# How Lume Works: The Retrieval Primitives

> Source: <https://deepbluedynamics.com/blog/lume-retrieval-primitives>
> Published: 2026-06-20 17:44:50+00:00

[Lume](https://github.com/DeepBlueDynamics/lume) is a Rust hybrid search engine that [Steve Harris](https://github.com/jsclosures) and I have been building in the open at `github.com/DeepBlueDynamics/lume`

. It’s a small CLI plus an MCP server, BSD-3 licensed, and built around a stubborn idea: when an agent asks a question, every step from query to evidence should be inspectable.

Lume indexes Markdown, source code, and PDFs (via a small Python extractor) and ranks over them with three independent primitives — field-aware BM25, dense GTR-T5 vectors via [Shivvr](https://shivvr.nuts.services), and a significance-scored entity graph. The lexical core and the graph run entirely on your machine; only the dense vectors call out, and that endpoint defaults to `localhost`

. There is no opaque “search box that returns a ranking” — every score has a name, a file, and a knob.

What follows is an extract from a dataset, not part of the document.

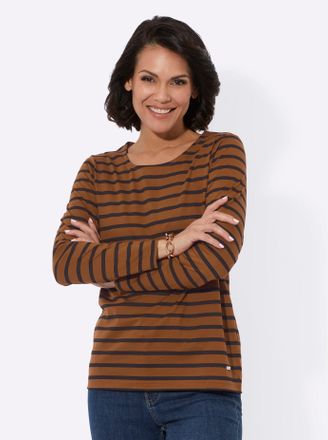 Casual Looks Langarmshirt CASUAL LOOKS Shirt, Damen, Gr. 54, braun (cognac, schwarz, geringelt), 100% Baumwolle, gemustert, gestreift, mehrfarbig, Rundhals, Shirts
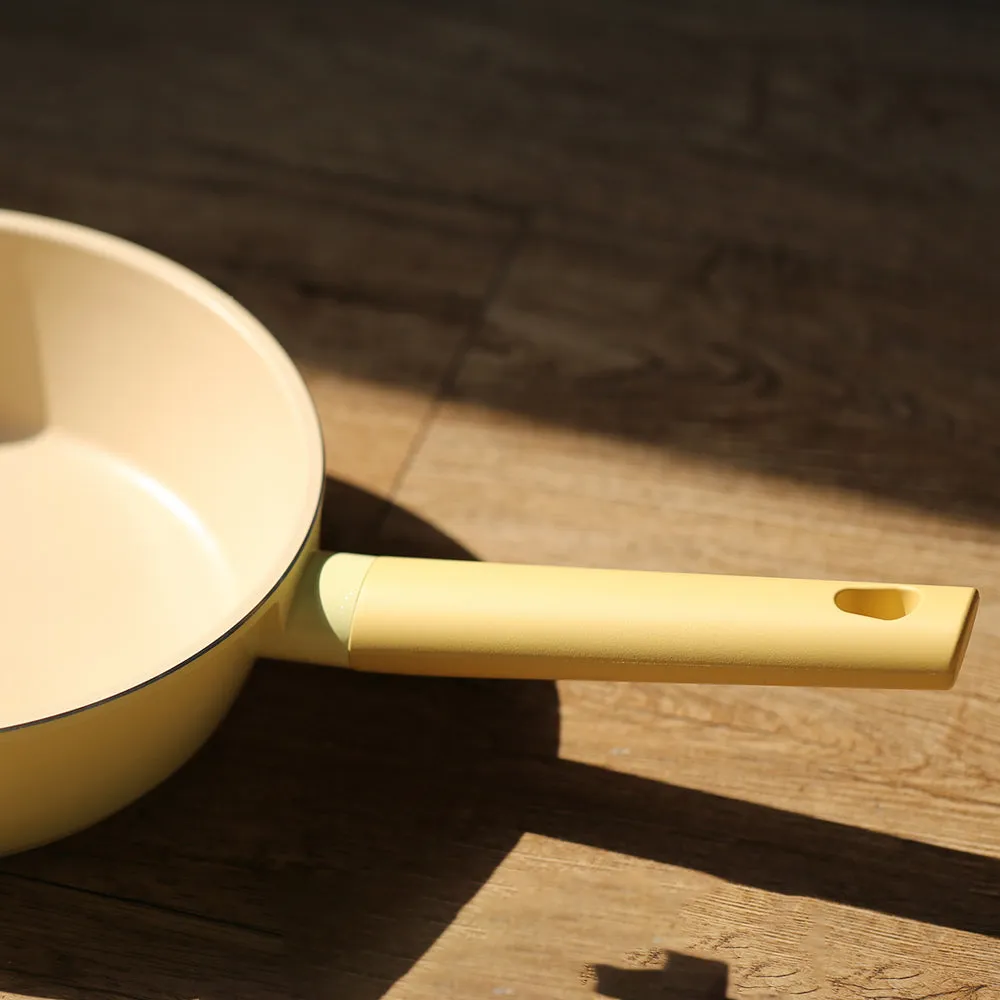 IH Ceramic Wok Pan 24cm Lemon Meringue (KG963311)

This post walks Lume’s retrieval core end to end, with line-level references to the current tree. If you’re building agentic systems and tired of treating retrieval as a magic step, this is for you.

A few principles up front, because they explain the design:

**Local-first.** Lexical search and the entity graph run entirely on your machine. Dense vectors are fetched from Shivvr through`SHIVVR_BASE_URL`

, which defaults to a local endpoint.**Layered, not monolithic.** BM25, semantic, and graph are independent signals with their own scores. The blend is one line; each input is replaceable.**Auditable.** The engine prints what it pruned, what it ranked, and why it rejected the rest.

## 0. The unit of retrieval: a Section

Lume indexes Markdown, cut into **sections** at `#`

headers (`parse_markdown`

in `src/bm25.rs:211`

). A `Section`

(`src/bm25.rs:106`

) is the atom everything ranks over:

```
pub struct Section {
    pub title: String,
    pub body: String,
    pub line_number: usize,
    pub filename: Option<String>,
    pub entities: Vec<String>,   // resolved named entities, for the graph
}
```

Title and body are **separate fields** with separate statistics — that distinction shows up immediately in scoring. The whole index lives in memory as a `Bm25Index`

(`src/bm25.rs:147`

): per-field term-frequency maps, document frequencies, field lengths, **roaring-bitmap posting lists**, prime/Gödel signature filters, and the entity posting lists that feed the graph.

## 1. Primitive: field-aware BM25

The lexical core is a field-aware BM25 with three selectable variants. The tuning defaults (`Bm25Params`

in `src/bm25.rs:125`

) are deliberately classic:

```
Self { k1: 1.2, b: 0.75, delta: 1.0, title_weight: 2.0, body_weight: 1.0 }
```

`k1`

controls term-frequency saturation; `b`

controls length normalization. The one opinionated choice is ** title_weight: 2.0**: a title hit contributes twice as much as a body hit before the coordination factor is applied. That is useful, but it can overweight chapter titles when a query token is broad. Treat it as a knob, not a law.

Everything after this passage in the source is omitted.